Processing DC2 data with the Gen3 Butler

The data explored in this guide is simulated data, the same kind used for Rubin’s Data Preview 0 (DP0).

Note

This guide assumes the user has access to a shared “Gen3” Butler repository containing data from the Dark Energy Science Collaboration (DESC)’s Data Challenge 2 (DC2), most likely on the lsstdevl machines at NCSA. This guide further assumes the user has a recently-built version of lsst.distrib from the LSST Science Pipelines. The instructions in this guide were verified to work in July 2021 using rubin-env 0.6.0 with the weekly tagged w_2021_30. Finally, this guide assumes the user is interested in running the Alert Production (AP) pipeline on this data using good seeing templates.
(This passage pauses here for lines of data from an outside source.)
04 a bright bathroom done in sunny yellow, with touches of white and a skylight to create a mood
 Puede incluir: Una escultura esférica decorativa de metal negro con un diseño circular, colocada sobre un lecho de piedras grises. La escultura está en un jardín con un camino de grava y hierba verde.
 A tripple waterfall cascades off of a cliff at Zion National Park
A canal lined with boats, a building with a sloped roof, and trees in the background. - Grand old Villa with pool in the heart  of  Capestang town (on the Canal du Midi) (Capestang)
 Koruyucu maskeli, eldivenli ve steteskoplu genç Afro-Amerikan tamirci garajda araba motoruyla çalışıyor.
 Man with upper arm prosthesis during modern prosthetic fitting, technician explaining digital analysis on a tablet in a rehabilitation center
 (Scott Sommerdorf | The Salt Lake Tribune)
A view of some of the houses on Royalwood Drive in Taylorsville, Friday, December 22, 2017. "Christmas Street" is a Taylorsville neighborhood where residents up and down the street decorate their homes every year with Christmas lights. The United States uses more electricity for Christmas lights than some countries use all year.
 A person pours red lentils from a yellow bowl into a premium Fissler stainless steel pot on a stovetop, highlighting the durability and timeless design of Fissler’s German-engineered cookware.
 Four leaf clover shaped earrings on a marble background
What’s in the Shared DC2 Butler Repository?

  • The instrument is called LSSTCam-imSim

  • The obs-package is obs_lsst, i.e., lsst.obs.lsst (note imsim subdirectories within)

  • The skymap is called DC2

  • Patches go from 0 to 48

  • Detectors go from 0 to 188

  • Available bands are ugrizy

  • Data exist for some tracts in the ~2553–5074 range, and as examples below show, commonly used tracts include 3828 and 3829

  • One set of reference catalogs are called cal_ref_cat_2_2, and have some filtermap definitions that must be specified

  • On NCSA’s lsstdevl in /repo/dc2, tracts 3828 and 3829 are in the collection 2.2i/defaults/test-med-1

  • A smaller CI dataset, just patch 24 in tract 3828, is in 2.2i/defaults/ci_imsim and corresponds to the GitHub repo testdata_ci_imsim

To see some collections, try, e.g.,

butler query-collections /repo/dc2 --chains=tree "2.2i/*"
butler query-collections /repo/dc2 --chains=tree "u/mrawls/*"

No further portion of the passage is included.